I always begin this lesson by showing paintings of wintry scenes by famous artists. I usually choose Pieter Bruegel's The Hunters in Snow -The Hunters in the Snow - Wikipedia, the free encyclopedia , as well as any winter scene from Hendrick Avercamp -WebMuseum: Avercamp, Hendrick . Both men were Dutch, and lived during the 16th century. They both created wonderful winter scenes.
After viewing the work of the two artists, the kids began to draw their own winter scene. They used black marker on blue paper. I explained to them that these scenes are "twilight scenes." Scenes taking place just as the day is coming to an end, therefor showing everything in a dark silhouette only. We also looked again very closely at Bruegel's The Hunters in Snow. I wanted them to notice the depth and perspective found in this work. We discussed the concept of foreground, middleground, and background. Anything they wanted to be far away (or in the background) should be smaller than what they have drawn in the foreground. I encouraged them to try to have an item, such as a fence, span all three space levels. The item should start off large, and gradually diminish in size until it disappears into the background.
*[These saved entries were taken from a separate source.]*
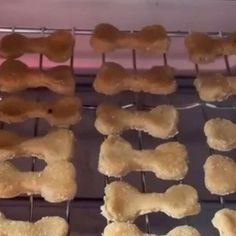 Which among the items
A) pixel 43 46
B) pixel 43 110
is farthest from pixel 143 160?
pixel 43 46

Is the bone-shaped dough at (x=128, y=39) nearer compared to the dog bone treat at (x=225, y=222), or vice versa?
the dog bone treat at (x=225, y=222)

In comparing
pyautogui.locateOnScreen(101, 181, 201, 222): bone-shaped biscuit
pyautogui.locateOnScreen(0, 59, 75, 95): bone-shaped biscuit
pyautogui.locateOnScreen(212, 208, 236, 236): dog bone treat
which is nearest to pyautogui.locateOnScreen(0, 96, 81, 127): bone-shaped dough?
pyautogui.locateOnScreen(0, 59, 75, 95): bone-shaped biscuit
The next step is super easy. Paint the snow! Many times I have used white chalk for this step instead. It creates a bit of a softer look. I reminded the kids to paint the snow anywhere it would naturally land in real life - branches, fence posts, or roofs.
That's it! Pretty snowy scenes! Let's hope these cute pictures don't evoke any more snowy weather in Kentucky. This is the last bit of snow we all want to see until next winter!!! Have fun creating!